**DATA FOR THE TASK**:
==============================

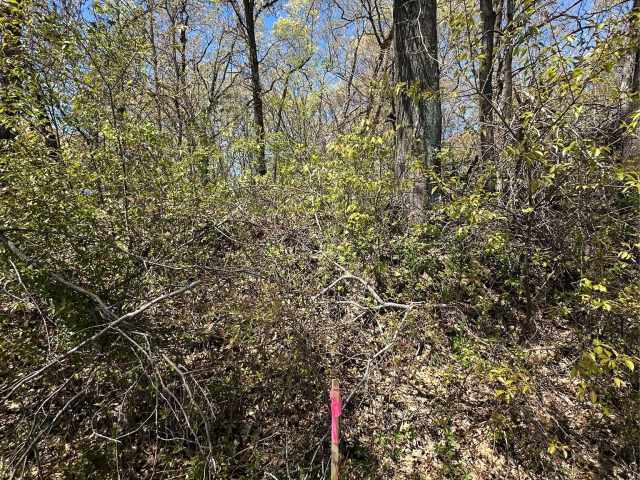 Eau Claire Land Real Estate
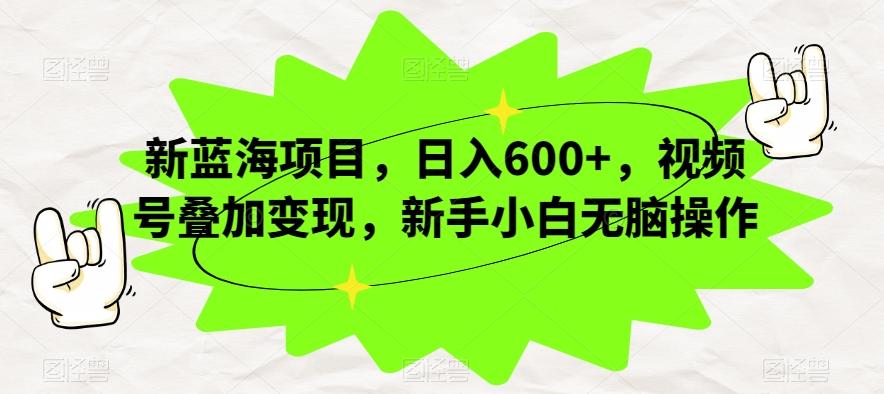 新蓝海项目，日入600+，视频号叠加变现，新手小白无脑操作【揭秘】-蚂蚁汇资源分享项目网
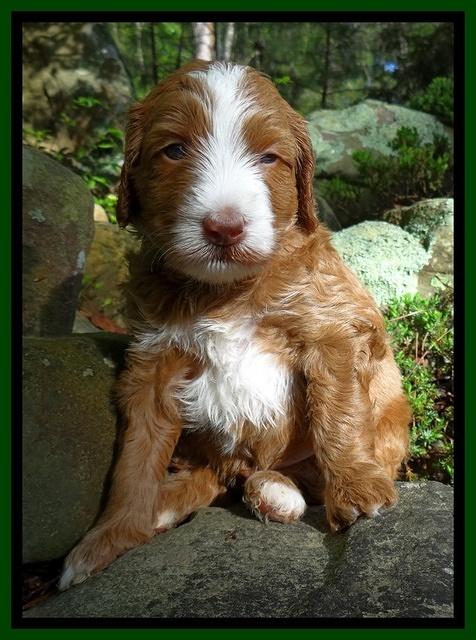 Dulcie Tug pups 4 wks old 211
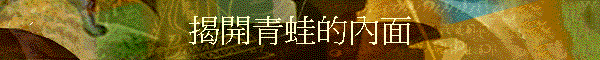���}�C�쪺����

==============================

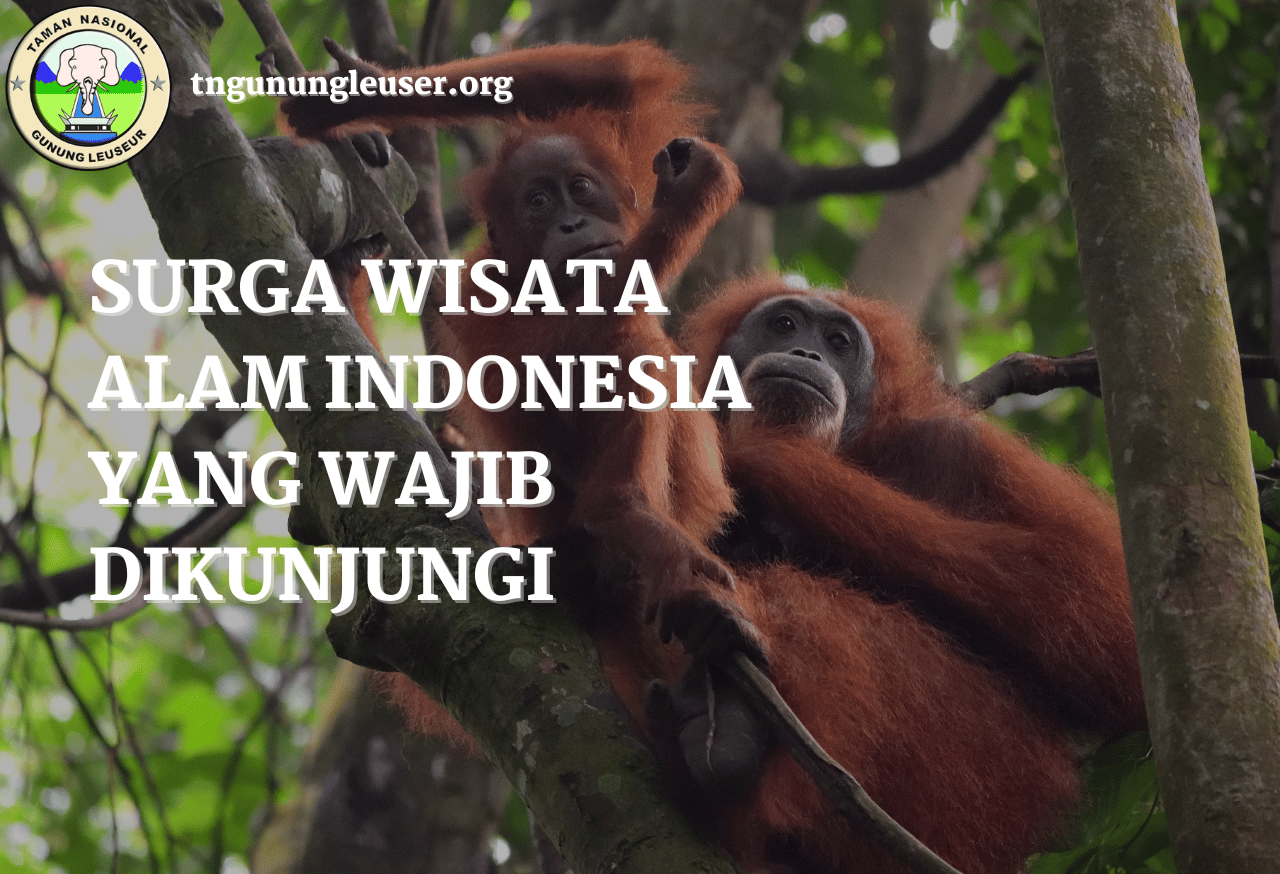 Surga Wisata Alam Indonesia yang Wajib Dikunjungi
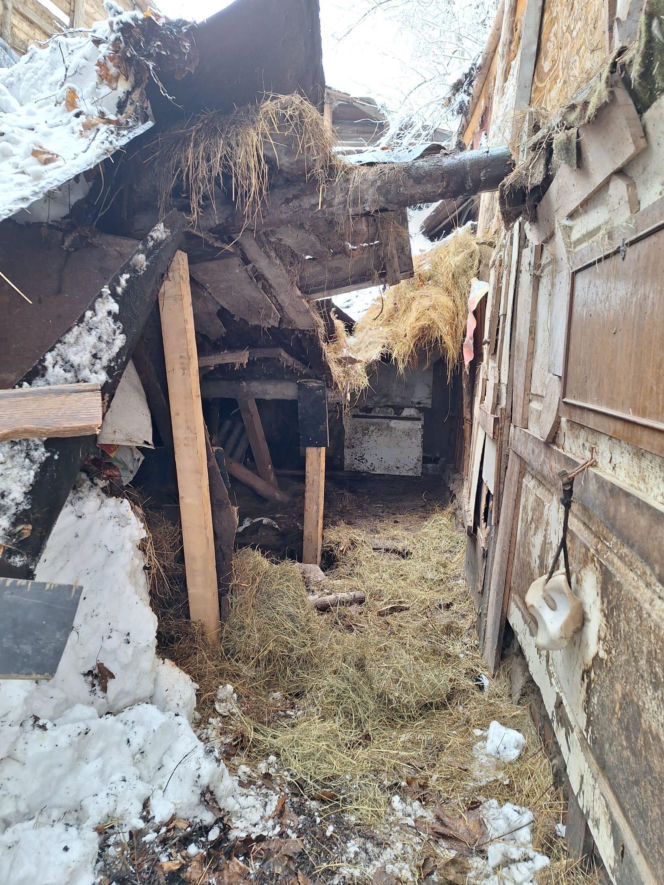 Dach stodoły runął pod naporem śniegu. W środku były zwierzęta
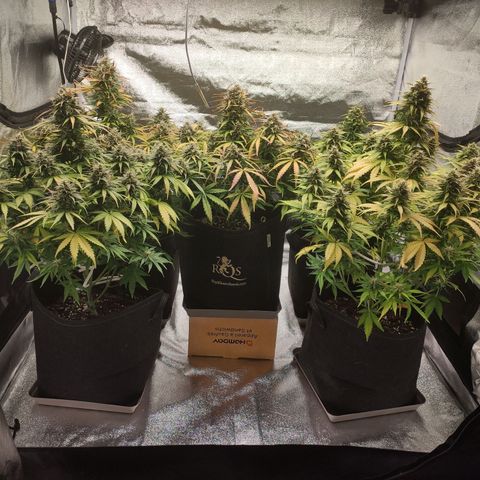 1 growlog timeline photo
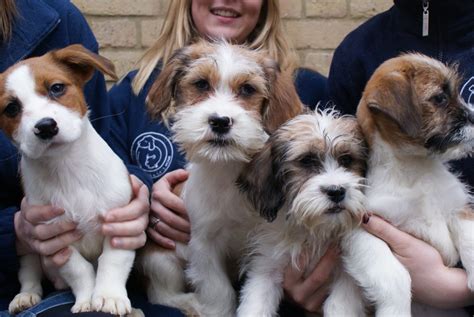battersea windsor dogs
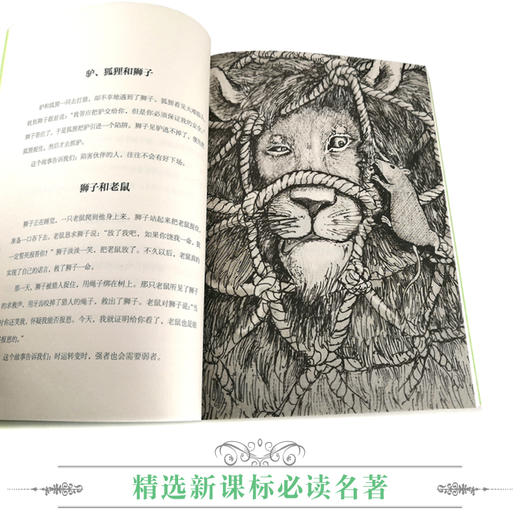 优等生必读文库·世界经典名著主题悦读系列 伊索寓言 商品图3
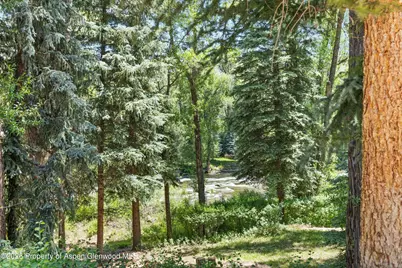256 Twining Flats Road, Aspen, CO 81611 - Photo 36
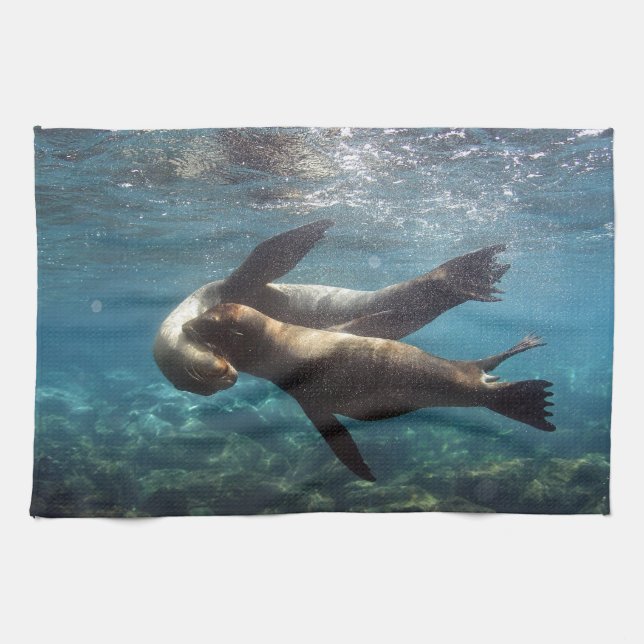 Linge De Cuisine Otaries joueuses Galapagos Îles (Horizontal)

==============================

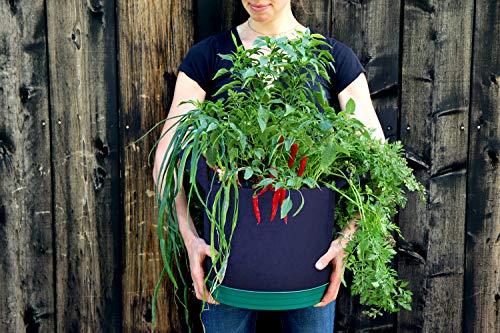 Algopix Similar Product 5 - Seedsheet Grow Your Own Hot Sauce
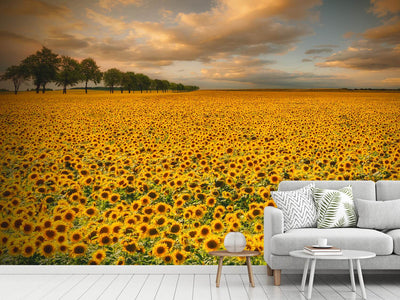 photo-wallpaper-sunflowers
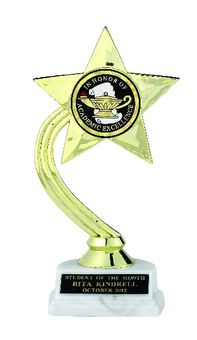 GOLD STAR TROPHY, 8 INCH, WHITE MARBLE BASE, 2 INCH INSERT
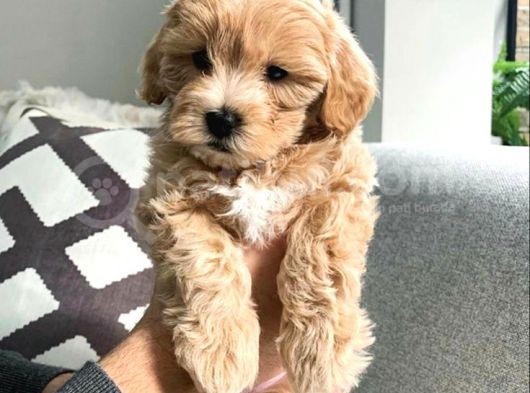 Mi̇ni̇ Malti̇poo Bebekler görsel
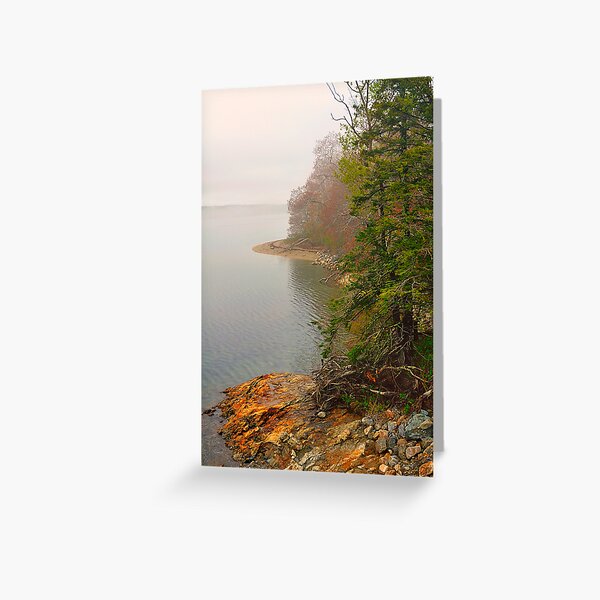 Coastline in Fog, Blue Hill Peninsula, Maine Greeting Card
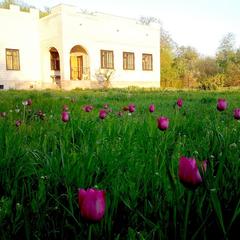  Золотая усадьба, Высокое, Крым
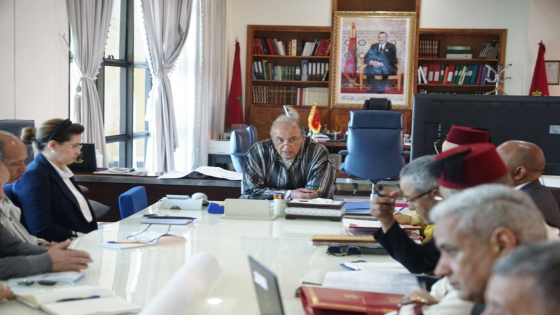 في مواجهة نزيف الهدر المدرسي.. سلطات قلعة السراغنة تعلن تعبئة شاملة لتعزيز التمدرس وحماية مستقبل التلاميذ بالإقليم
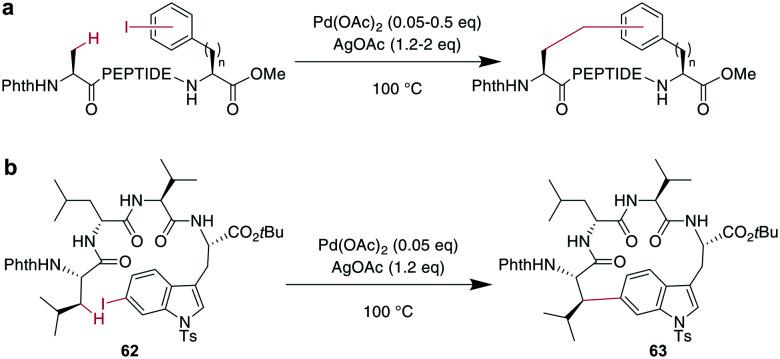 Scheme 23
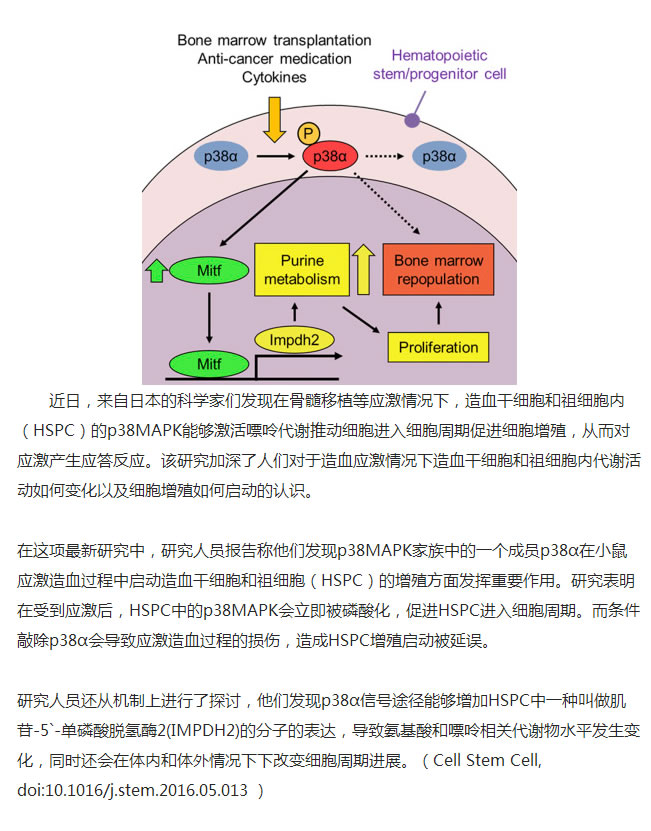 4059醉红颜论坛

==============================

Reproduce the data above exactly, but only from the line containing "优等生必读文库·世界经典名著主题悦读系列 伊索寓言 商品图3" through the line containing "Linge De Cuisine"; skip the pictures.

**EXERCISE ANSWER**:
 优等生必读文库·世界经典名著主题悦读系列 伊索寓言 商品图3
256 Twining Flats Road, Aspen, CO 81611 - Photo 36
 Linge De Cuisine Otaries joueuses Galapagos Îles (Horizontal)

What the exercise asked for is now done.